***** Records for the task
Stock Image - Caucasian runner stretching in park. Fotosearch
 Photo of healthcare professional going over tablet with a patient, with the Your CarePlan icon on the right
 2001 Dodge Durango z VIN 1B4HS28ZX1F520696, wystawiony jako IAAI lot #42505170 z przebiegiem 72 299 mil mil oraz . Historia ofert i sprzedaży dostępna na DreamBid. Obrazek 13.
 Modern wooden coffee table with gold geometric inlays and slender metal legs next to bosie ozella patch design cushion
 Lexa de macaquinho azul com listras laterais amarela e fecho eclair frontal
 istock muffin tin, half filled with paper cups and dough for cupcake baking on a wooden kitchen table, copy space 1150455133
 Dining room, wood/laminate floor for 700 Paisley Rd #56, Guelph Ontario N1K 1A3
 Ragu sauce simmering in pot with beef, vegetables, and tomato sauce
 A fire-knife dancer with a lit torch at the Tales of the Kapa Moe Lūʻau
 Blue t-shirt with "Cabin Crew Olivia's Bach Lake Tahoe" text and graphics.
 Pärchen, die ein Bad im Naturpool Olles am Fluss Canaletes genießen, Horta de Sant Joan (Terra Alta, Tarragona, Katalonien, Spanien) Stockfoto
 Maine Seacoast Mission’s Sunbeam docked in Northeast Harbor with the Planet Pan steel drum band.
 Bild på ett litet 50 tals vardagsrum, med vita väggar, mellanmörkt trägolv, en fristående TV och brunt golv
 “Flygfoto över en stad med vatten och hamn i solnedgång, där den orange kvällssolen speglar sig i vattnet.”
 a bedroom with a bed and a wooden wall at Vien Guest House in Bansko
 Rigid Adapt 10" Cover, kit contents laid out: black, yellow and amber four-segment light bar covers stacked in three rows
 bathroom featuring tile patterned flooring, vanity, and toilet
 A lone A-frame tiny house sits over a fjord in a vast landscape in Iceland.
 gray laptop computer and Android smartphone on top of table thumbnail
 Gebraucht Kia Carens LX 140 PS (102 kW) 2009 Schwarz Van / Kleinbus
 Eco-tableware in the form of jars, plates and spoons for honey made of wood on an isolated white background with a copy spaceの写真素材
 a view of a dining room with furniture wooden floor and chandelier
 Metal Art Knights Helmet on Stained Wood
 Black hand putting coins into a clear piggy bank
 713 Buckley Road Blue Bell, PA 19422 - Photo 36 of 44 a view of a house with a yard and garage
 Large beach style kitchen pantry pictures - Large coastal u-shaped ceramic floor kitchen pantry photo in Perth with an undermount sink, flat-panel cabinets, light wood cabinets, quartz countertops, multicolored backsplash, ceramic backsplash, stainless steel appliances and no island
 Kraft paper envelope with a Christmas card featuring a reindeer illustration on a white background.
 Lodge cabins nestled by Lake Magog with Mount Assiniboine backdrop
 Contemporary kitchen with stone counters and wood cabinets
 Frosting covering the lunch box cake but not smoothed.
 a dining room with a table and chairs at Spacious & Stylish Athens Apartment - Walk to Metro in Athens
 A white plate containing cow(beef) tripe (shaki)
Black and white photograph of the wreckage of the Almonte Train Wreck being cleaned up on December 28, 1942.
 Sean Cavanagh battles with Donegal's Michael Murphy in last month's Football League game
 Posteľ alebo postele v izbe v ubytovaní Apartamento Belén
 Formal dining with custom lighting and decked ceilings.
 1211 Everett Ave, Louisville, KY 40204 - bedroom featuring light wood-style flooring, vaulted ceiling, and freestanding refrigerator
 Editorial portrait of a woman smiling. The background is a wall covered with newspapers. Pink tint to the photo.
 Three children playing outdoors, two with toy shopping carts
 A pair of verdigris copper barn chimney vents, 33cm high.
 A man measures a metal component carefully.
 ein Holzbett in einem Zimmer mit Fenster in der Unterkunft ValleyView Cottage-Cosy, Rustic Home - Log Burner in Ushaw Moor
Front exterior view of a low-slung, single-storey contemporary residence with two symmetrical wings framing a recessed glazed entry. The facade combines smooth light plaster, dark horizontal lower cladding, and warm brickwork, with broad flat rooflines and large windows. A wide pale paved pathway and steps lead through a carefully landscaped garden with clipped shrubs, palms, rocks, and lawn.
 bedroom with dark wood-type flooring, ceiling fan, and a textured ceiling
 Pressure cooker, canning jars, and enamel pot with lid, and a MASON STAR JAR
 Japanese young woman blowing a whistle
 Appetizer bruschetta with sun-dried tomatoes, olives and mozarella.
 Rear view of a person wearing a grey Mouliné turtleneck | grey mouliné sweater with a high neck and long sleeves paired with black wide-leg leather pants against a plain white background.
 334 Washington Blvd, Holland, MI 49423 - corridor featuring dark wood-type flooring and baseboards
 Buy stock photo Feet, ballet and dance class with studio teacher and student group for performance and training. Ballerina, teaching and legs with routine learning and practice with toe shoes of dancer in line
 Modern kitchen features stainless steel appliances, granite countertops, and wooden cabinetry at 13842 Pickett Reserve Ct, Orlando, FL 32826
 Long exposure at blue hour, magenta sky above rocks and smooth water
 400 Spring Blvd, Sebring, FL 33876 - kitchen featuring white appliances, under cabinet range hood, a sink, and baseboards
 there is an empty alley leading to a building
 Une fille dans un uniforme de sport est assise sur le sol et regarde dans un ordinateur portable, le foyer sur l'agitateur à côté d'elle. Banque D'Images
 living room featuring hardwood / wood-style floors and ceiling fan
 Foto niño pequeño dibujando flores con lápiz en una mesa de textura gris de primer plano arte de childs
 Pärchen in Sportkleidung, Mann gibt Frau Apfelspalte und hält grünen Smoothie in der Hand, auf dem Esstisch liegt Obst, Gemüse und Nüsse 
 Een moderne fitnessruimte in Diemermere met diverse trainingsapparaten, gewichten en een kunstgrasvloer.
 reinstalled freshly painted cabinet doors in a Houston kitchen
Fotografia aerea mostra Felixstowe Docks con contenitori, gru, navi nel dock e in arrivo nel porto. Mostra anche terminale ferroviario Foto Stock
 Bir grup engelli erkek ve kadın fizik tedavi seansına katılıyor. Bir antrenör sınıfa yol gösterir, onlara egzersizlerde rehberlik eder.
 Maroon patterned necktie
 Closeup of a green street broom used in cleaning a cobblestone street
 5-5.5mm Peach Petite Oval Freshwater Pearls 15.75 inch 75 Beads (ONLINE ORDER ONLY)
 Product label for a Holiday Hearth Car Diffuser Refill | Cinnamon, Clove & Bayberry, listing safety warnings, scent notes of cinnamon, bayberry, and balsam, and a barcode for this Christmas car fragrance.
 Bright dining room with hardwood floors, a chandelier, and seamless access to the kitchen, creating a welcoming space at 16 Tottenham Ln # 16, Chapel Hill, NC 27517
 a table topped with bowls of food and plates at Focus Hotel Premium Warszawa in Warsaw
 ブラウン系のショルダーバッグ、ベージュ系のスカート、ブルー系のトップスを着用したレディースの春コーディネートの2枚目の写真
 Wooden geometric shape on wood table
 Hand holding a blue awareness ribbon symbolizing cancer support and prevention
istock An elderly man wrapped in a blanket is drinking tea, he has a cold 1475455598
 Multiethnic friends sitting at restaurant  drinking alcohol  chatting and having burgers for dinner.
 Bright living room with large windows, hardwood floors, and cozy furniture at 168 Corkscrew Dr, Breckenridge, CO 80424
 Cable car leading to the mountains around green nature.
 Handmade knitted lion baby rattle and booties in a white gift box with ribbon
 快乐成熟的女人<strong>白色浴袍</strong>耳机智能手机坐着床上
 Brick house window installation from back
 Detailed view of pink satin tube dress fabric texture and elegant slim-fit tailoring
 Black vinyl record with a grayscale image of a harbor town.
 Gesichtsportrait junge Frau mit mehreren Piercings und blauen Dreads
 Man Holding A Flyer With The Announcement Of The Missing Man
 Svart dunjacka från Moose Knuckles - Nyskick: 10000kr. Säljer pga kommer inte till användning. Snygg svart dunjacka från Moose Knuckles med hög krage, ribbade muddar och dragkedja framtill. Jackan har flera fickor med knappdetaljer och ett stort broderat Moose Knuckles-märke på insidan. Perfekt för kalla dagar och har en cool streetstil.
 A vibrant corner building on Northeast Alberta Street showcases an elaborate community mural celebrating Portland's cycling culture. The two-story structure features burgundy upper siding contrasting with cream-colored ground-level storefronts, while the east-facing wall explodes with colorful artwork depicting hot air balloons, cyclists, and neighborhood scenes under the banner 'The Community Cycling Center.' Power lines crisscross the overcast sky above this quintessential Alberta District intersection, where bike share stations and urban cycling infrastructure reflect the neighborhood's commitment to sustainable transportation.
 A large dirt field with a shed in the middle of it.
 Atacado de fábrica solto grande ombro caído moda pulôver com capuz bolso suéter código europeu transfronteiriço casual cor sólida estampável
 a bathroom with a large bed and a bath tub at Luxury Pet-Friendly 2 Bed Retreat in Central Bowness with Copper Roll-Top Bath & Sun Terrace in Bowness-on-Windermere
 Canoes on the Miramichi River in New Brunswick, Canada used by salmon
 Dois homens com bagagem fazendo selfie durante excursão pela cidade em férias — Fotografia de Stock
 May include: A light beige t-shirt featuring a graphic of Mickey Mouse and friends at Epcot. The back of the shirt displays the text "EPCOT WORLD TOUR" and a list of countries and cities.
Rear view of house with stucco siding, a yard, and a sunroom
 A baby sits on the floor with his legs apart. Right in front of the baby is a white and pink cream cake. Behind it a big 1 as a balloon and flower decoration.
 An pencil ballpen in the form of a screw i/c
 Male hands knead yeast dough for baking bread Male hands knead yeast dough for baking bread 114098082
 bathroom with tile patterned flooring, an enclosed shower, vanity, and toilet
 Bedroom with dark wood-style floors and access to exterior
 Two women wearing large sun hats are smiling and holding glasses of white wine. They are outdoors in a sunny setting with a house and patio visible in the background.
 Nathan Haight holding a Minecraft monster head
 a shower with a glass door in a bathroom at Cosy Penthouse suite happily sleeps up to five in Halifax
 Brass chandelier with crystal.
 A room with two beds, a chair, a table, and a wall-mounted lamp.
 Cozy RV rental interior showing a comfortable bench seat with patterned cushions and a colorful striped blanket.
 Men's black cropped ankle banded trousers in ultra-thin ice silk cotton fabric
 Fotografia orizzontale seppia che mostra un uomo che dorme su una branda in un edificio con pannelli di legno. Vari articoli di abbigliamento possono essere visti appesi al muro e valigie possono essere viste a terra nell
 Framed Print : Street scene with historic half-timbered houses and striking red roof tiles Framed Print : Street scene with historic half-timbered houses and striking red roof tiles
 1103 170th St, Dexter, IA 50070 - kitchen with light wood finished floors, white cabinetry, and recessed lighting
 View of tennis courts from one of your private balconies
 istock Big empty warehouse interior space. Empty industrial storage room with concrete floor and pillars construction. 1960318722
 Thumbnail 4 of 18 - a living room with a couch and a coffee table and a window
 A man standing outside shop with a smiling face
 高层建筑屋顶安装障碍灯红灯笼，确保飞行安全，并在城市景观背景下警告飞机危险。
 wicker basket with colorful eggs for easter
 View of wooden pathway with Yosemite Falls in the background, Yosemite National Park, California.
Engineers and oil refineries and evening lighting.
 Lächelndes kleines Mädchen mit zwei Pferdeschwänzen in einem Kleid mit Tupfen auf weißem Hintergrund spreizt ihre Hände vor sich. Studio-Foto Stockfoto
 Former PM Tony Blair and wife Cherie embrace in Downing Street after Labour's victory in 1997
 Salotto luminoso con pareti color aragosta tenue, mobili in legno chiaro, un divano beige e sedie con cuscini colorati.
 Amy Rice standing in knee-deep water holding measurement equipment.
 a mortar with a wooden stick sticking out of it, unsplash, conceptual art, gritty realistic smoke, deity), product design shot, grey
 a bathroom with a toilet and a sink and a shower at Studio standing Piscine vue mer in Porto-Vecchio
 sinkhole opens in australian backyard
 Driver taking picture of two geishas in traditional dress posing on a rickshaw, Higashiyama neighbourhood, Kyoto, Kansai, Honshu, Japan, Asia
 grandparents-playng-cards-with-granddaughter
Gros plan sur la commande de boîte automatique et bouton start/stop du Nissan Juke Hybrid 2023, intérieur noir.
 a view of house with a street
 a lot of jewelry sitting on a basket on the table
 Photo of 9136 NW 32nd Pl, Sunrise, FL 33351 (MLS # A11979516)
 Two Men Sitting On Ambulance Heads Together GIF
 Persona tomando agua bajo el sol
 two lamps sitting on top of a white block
**********
**What needs to be done:** From the material above, copy exactly the lines between the line holding "Dining room, wood/laminate" and the line holding "Blue t-shirt with", inclusive, and only those.

**Answer box:**
 Dining room, wood/laminate floor for 700 Paisley Rd #56, Guelph Ontario N1K 1A3
 Ragu sauce simmering in pot with beef, vegetables, and tomato sauce
 A fire-knife dancer with a lit torch at the Tales of the Kapa Moe Lūʻau
 Blue t-shirt with "Cabin Crew Olivia's Bach Lake Tahoe" text and graphics.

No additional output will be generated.